▶ _WORK INSTRUCTION_:
The lines to repeat are those below from the one containing "see more listings in the Bügelbilder section" down to the one containing "Satılır 6 otaqlı 350 m2 villa Sulutəpə", both included; reproduce them exactly and nothing else.

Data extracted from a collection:
%%
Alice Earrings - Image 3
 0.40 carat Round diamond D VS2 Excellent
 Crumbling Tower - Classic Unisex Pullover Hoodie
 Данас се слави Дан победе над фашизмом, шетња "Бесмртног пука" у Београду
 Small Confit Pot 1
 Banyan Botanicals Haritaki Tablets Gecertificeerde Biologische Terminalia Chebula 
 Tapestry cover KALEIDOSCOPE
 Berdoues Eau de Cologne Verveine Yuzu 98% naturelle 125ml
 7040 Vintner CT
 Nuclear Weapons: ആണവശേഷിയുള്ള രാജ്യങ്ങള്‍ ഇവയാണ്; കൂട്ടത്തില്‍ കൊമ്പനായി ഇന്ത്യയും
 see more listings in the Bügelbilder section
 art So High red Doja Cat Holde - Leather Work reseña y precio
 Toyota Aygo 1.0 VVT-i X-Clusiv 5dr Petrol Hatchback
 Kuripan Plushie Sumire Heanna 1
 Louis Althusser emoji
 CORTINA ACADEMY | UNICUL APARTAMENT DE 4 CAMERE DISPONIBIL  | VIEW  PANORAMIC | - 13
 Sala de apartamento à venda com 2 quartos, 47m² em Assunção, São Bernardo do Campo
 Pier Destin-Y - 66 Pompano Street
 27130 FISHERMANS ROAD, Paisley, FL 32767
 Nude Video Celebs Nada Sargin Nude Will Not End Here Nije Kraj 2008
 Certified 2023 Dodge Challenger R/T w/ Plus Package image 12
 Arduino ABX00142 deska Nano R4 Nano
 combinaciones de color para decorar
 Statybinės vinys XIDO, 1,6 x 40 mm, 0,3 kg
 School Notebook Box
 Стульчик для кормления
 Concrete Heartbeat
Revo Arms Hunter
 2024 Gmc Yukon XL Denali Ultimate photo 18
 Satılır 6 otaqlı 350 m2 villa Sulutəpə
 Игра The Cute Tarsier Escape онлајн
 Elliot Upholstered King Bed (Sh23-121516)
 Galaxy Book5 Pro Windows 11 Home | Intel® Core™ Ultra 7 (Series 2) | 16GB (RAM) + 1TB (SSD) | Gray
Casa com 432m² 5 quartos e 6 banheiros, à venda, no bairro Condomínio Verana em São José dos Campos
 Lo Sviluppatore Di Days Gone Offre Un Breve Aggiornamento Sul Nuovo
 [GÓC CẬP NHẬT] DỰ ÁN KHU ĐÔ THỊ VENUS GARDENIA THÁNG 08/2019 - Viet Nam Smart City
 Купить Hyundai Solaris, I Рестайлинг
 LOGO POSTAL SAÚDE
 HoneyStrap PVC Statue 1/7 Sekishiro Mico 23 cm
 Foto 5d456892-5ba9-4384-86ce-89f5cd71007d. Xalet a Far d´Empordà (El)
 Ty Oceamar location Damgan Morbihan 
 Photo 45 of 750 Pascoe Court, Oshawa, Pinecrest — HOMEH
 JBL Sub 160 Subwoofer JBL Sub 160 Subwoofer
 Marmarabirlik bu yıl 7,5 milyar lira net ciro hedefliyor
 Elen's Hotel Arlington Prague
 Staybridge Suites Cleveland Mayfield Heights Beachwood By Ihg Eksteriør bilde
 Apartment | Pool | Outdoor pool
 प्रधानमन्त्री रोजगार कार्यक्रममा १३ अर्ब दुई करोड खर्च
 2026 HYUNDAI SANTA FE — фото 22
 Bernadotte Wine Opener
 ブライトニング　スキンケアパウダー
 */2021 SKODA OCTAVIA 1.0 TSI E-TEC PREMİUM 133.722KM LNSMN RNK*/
%%
▶ _WRITTEN RESPONSE_:
 see more listings in the Bügelbilder section
 art So High red Doja Cat Holde - Leather Work reseña y precio
 Toyota Aygo 1.0 VVT-i X-Clusiv 5dr Petrol Hatchback
 Kuripan Plushie Sumire Heanna 1
 Louis Althusser emoji
 CORTINA ACADEMY | UNICUL APARTAMENT DE 4 CAMERE DISPONIBIL  | VIEW  PANORAMIC | - 13
 Sala de apartamento à venda com 2 quartos, 47m² em Assunção, São Bernardo do Campo
 Pier Destin-Y - 66 Pompano Street
 27130 FISHERMANS ROAD, Paisley, FL 32767
 Nude Video Celebs Nada Sargin Nude Will Not End Here Nije Kraj 2008
 Certified 2023 Dodge Challenger R/T w/ Plus Package image 12
 Arduino ABX00142 deska Nano R4 Nano
 combinaciones de color para decorar
 Statybinės vinys XIDO, 1,6 x 40 mm, 0,3 kg
 School Notebook Box
 Стульчик для кормления
 Concrete Heartbeat
Revo Arms Hunter
 2024 Gmc Yukon XL Denali Ultimate photo 18
 Satılır 6 otaqlı 350 m2 villa Sulutəpə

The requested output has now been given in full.